J’aurais pu m’atteler à découvrir ensuite Hamlet, Macbeth ou bien Othello, qu’en sais-je : mais non, comme je n’étais pas seule partie dans ce choix, ce fut donc Richard III et Henry V qui poursuivirent le défrichage, et autant dire que la petite soufflette que j’avais cru naïvement prendre avec Roméo et Juliette, s’avéra être une bonne beigne dont les traces charrièrent profond.
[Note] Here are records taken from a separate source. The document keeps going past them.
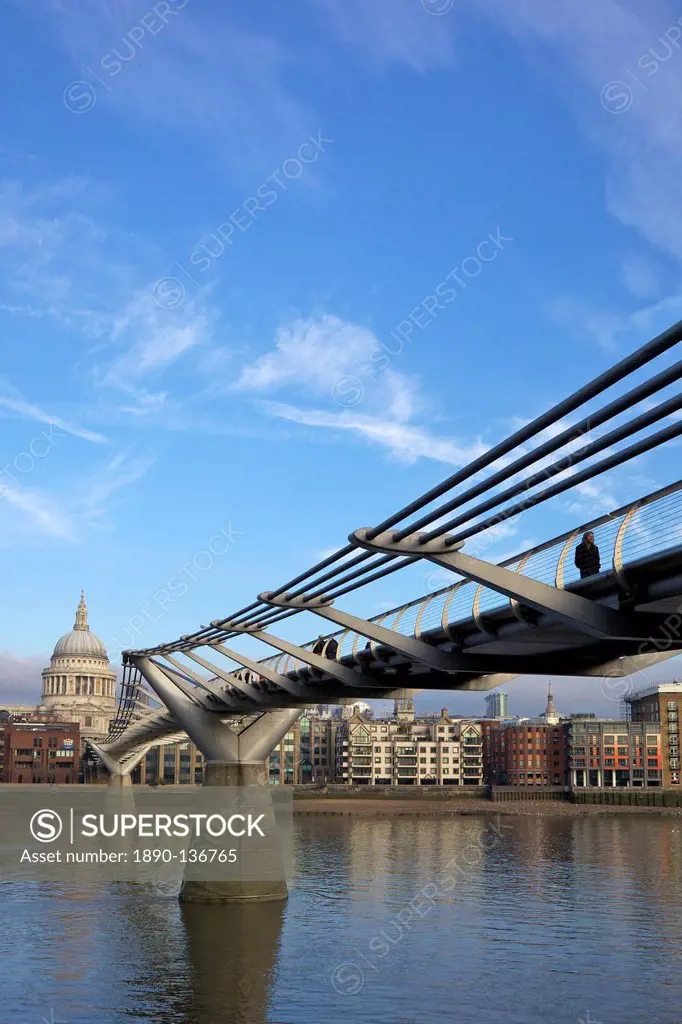 Pedestrians on Millennium Bridge, crossing the River Thames, taken from Bankside looking to St. Pauls Cathedral, London, England, United Kingdom, Euro...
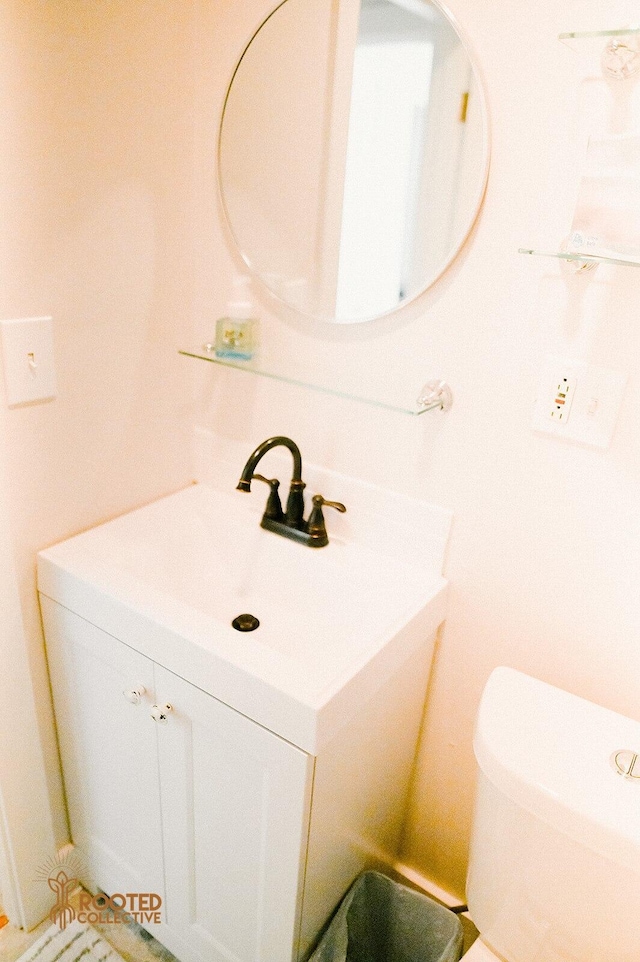 bathroom featuring toilet and vanity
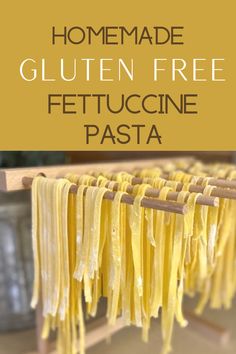 homemade gluten free fettuccine pasta on a wooden rack with text overlay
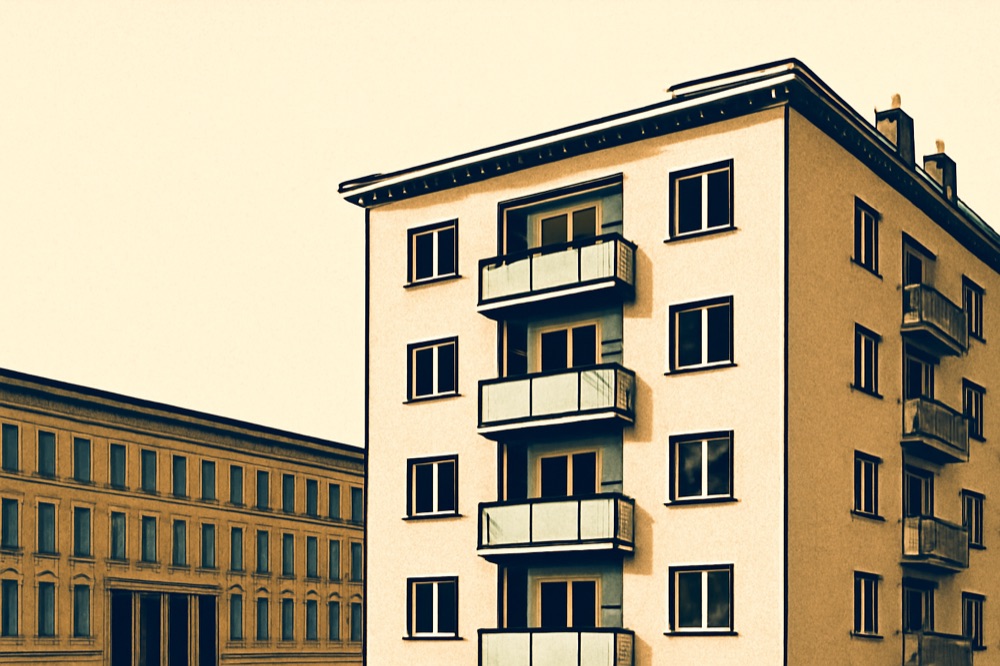 Zweifarbige Linienillustration: typisches Wohnhaus vor einem Regierungsgebäude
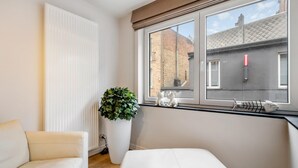 Un dormitorio moderno con un ventanal grande, una cama blanca, una silla blanca, una planta en maceta y un radiador.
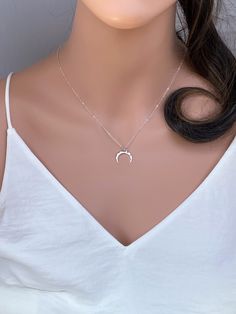 Crescent Moon Necklace in sterling silver. It makes with .. -Sterling Silver Hammered Crescent Moon Pendant 16x16mm, -Sterling silver cable chain wt spring clasp, -Come up with beautiful ribbon gift box and -One set of Care instruction package. Personalized Gifts https://rp.liu233w.com:443/https/www.etsy.com/shop/rainbowearring?ref=listing-shop2-all-items-count§ion_id=11442300 IF you are not sure about chain length or would like to adjust the length of the necklace, please Add Adjustable chain extender https://rp.liu233w.com:443/https/www.etsy. Minimalist White Crescent Necklace, Silver Crescent Minimalist Necklace, Silver Crescent Charm Necklace, Sterling Silver Moon Phase Charm Necklaces, Sterling Silver Moon Phase Necklace, Crescent Moon Charm Necklace In Stainless Steel, Silver Crescent Brass Necklace, Dainty Moon Necklace, Tusk Necklace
Du début mythique du monologue de Richard III, duc de Gloucester (« Now is the winter of our discontent »), épitomé du méchant à la verve triomphante et au culot meurtrier, à celui du choeur d’Henry V (« O for a Muse of fire, that would ascend / The brightest heaven of invention, / A kingdom for a stage, princes to act /And monarchs to behold the swelling scene! »), deux pièces historiques complexes et jouissives, toutes deux au coeur des enjeux de la Guerre des Roses, qui déchira le royaume en quête d’un monarque unique : l’usurpation est la crainte et la norme, la légitimité une valeur glissante, qui se transmet autant génétiquement que par contamination. Ainsi, Richard Gloucester va-t-il ruser et éliminer tous ceux en travers de la route le menant au trône. Shakespeare en fait le portrait éclatant de la monstrueuse bête incarnant le mal qui ne se refait pas : homme difforme de naissance, il trompe sans vergogne, use de sa langue envoûtante (car s’il n’a pas le physique, il a l’intelligence de mille hommes) pour parvenir à ses fins. Seule la Reine Margaret, impitoyable figure, jure la perte de ce vilain dont elle est perçoit la vile nature. Gloucester, après avoir terrassé ses ennemis, glisse doucement dans la paranoïa, entouré des fantômes de ses victimes, et périt de la main d’un usurpateur / héros – Henry Richmond, futur Henry VII, sur le champ de bataille en déclamant son fameux vers : « A horse, a horse, a kingdom for a horse! ».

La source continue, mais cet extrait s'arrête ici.